━━━ SOURCE MATERIAL ━━━

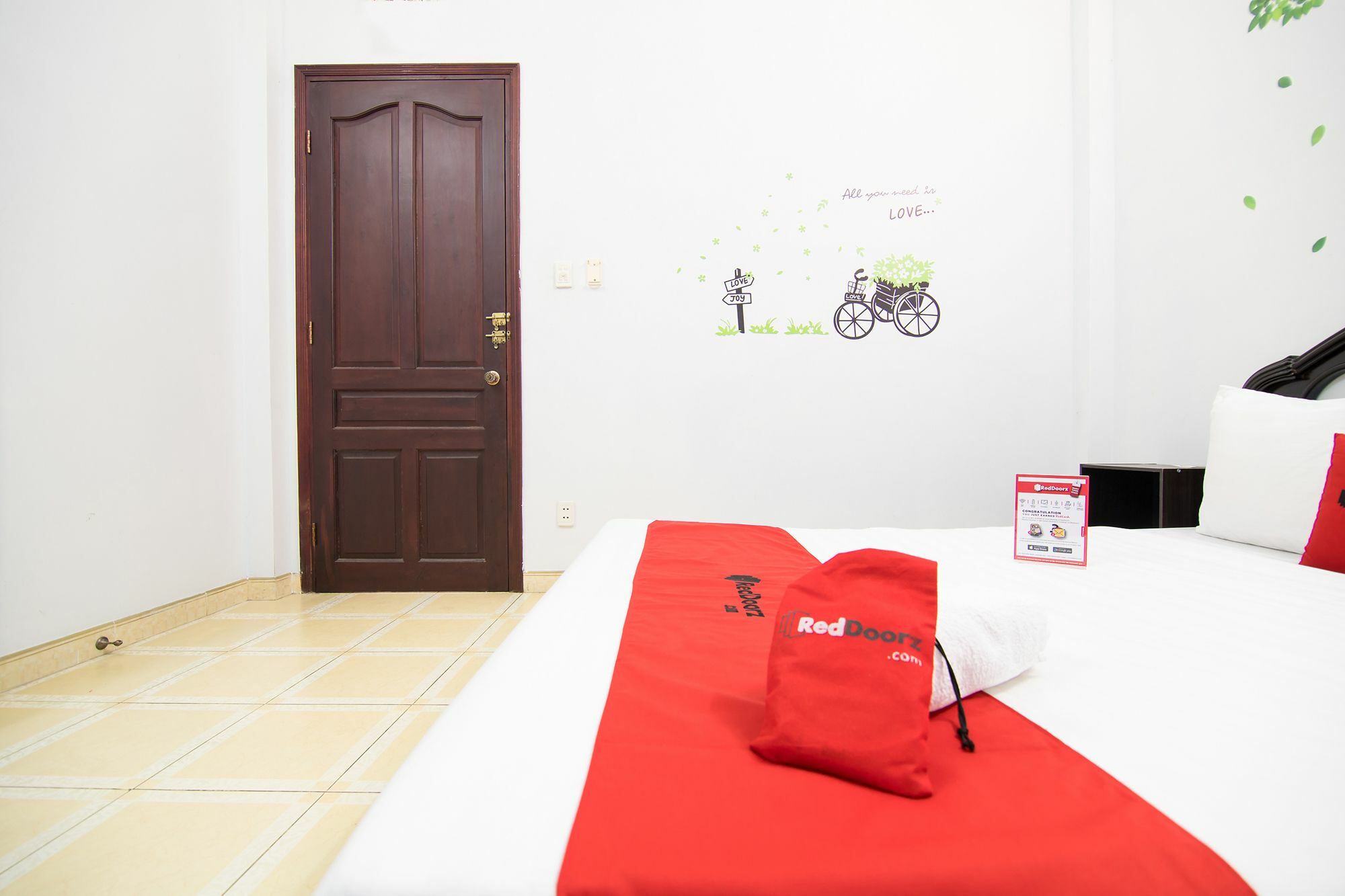 Reddoorz Near Pico Plaza Cong Hoa Cidade de Ho Chi Minh Exterior foto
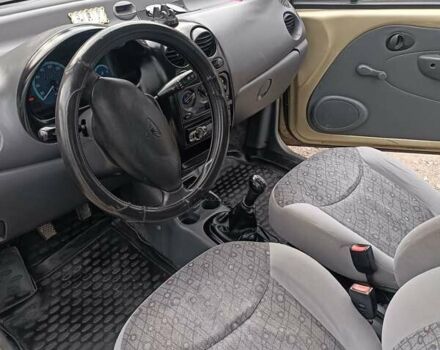Бежевий Деу Матіз, об'ємом двигуна 0.8 л та пробігом 133 тис. км за 2000 $, фото 1 на Automoto.ua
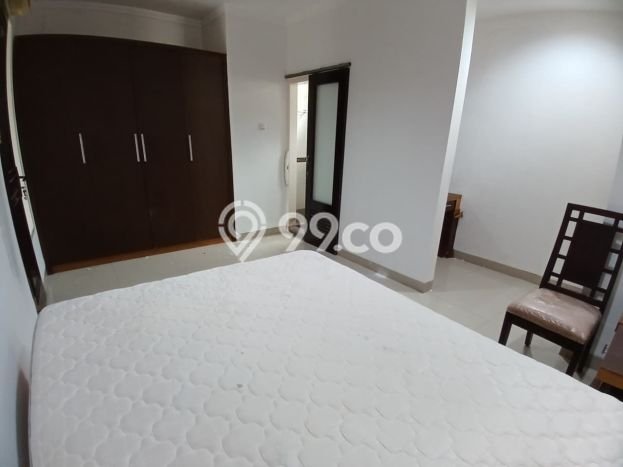 Disewakan Rumah Murah di Kemang Jakarta Selatan dengan 4 KT Disewakan Rumah Murah di Kemang Jakarta Selatan dengan 4 KT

━━━

Transcribe the material exactly, leaving every picture out.

§ OUTPUT OF THE TASK:
 Reddoorz Near Pico Plaza Cong Hoa Cidade de Ho Chi Minh Exterior foto
Бежевий Деу Матіз, об'ємом двигуна 0.8 л та пробігом 133 тис. км за 2000 $, фото 1 на Automoto.ua
 Disewakan Rumah Murah di Kemang Jakarta Selatan dengan 4 KT Disewakan Rumah Murah di Kemang Jakarta Selatan dengan 4 KT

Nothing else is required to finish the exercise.